Regardless of whether you are among the masses of Sharks fans calling for GM Doug Wilson’s removal, or part of the minority arguing he should stay, there is no denying the last 12-13 months in Sharks territory has been a drama filled s*%t show. Whether it be sound bites like “coworkers not teammates,” “not close enough,” “lashes out at people,” and “Doug should just shut his mouth,” or bizarre signings like the Mike Brown and John Scott contracts, or the reported disagreements between Wilson and now former head coach Todd McLellan, there has been too much drama surrounding this team.

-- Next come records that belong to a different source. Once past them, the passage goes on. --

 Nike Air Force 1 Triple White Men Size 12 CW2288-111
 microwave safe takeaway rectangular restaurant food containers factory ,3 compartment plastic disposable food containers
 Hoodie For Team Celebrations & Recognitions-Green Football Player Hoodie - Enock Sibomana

Said drama is the primary reason why yours truly doesn’t expect much of an improvement from the Sharks if Wilson remains in charge of this team. However, Wilson or no Wilson, there is one key young player that gives this Sharks team a glimmer of hope moving forward. Rookie center Chris Tierney finished the season on a terrific run as the third line center. The 20-year-old Ontario native finished with 14 points the Sharks’ final 18 games of the season. That equates to an average of .77 points per game, or in other words an 82 game pace of 63 points. Combined with Tierney’s responsible defensive play as a two way center, that would be an All Star level performance. Now obviously it is a stretch to expect Tierney to play a full season next year at such a torrid pace. However, the way he was playing down the stretch, a 43-45 point season would seem well within reason. And that level of production would give the Sharks a strong third line, something they have rarely featured the past four seasons without Joe Pavelski in that role. Pavelski has done nothing but shred competition in that spot and the Sharks have done more winning with him there than on the top line. For whatever reason though the organization prefers him on Thornton’s wing. With Tierney emerging though the Sharks finally look to have that third line center that can produce much needed depth scoring while Pavelski plays in the top six.

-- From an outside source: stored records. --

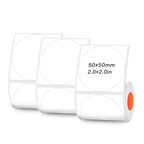 Circular white thermal label for SK/58/SK20/SK35/SK45/SK27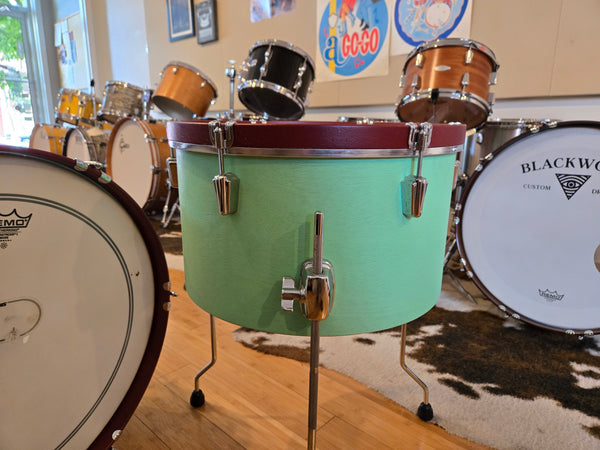Drum Kits - (Used) C&C Drum Co. 10x22 9x16 6.5x13 Super Flyer (Sea Green)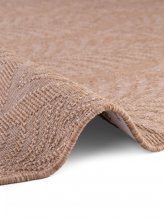 Kusový koberec Duet Liora 106247 Beige/White kruh - na ven i na doma
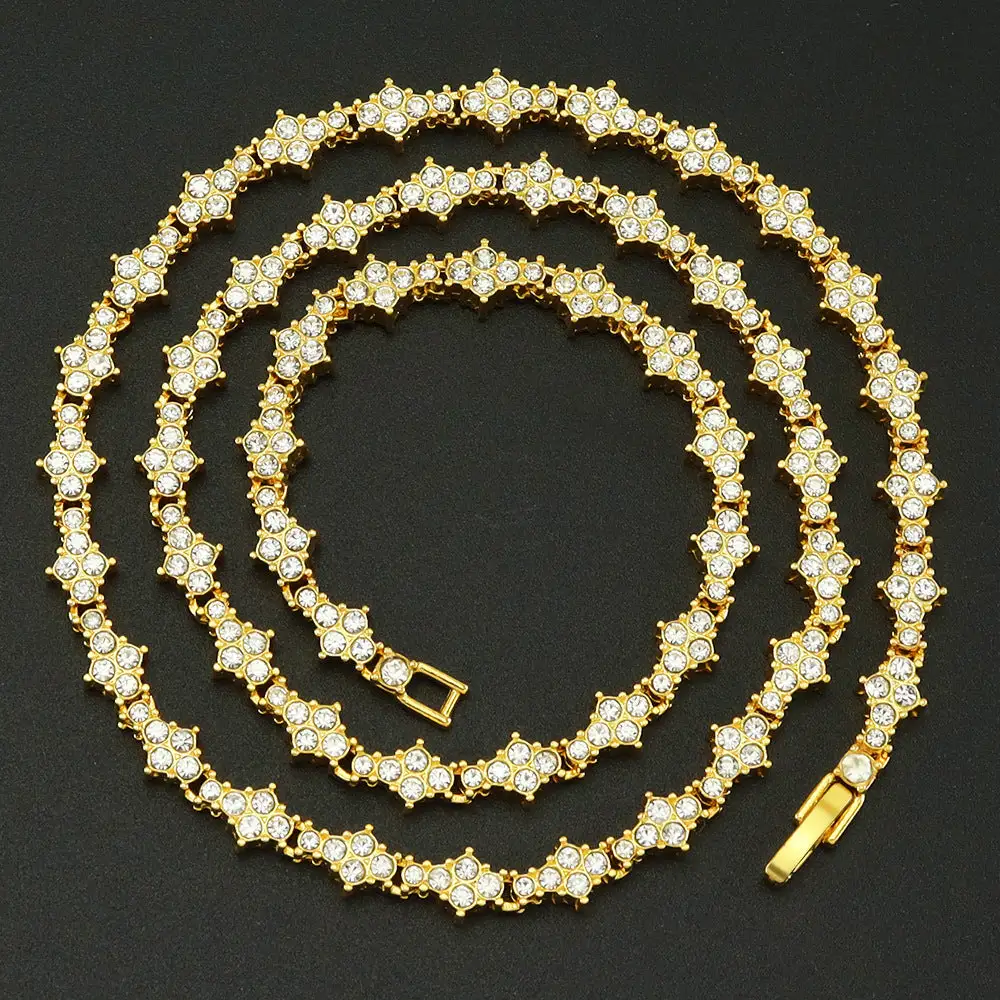 Cluster Tennis Necklace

Not only did Tierney finish the season on a tear, but he demonstrated play-making abilities second to only Joe Thornton on the roster. His on ice vision and knowing where his linemates are is again second to only Thornton. He reads the game at a different level than most and the Sharks need that type of player on the lower lines. They have had a lot of quality depth players in recent years but no real catalyst to get the best out of said players. One of those guys was James Sheppard, who was a productive complementary player on a third or fourth line. The only problem was the Sharks asked too much out of him to be the primary producer on a third line, something he has never shown capable of at the NHL level. Tierney on the other hand can be the catalyst on a third line and be the main generator of lower line scoring. Among his 14 final points, nine of them were assists as he helped raise the level of play of his linemates. Matt Nieto in particular had a nice finish of six points in his final 12 games as Tierney’s left winger. While Tommy Wingels failed to score a goal in his final 11 games, the right wing fit in well with Tierney and Nieto as the trio made for arguably San Jose’s best line while fighting for a playoff spot.

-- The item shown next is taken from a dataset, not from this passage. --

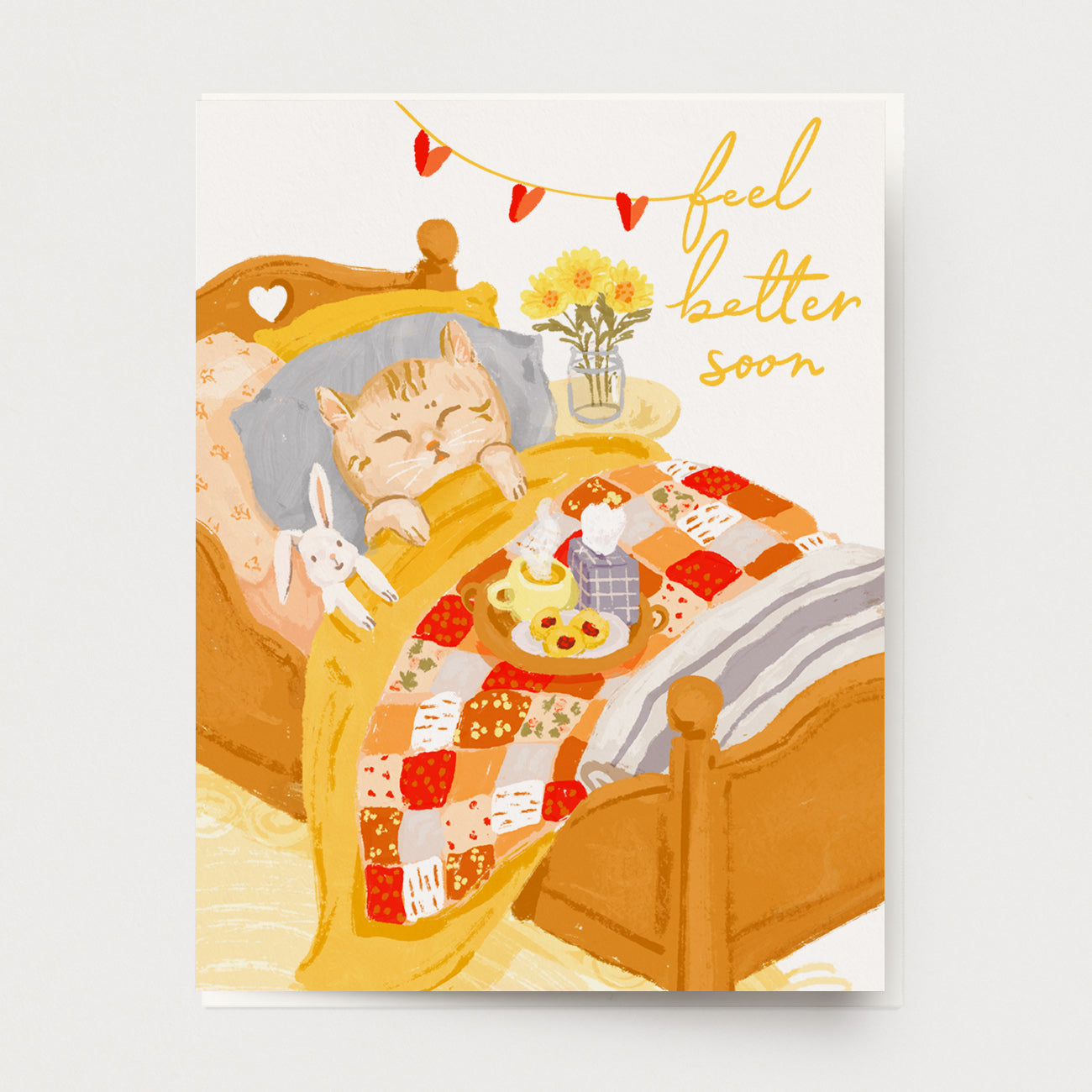 Feel Better Kitten Greeting Card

Looking forward to next season THW colleague Drew Weber suggests that 2015-16 could be even worse than this past season, but yours truly doesn’t see it that way. Given what Tierney showed down the stretch, I fully expect this team to be better even with Wilson remaining as GM. If Wilson remains though there will still be too much drama and lack of unity behind the scenes. The disconnect between Wilson and the players will cause too many problems for them to have any significant playoff success. But regardless I certainly expect them back in the playoffs with Thornton, Couture, and Tierney down the middle 1, 2, 3. And if Wilson were to be shown the door, with moves to upgrade the defense and goaltending, well, then this Sharks team could be much, much better than this past season. They could very easily bounce back into serious contention with just a couple of smart moves.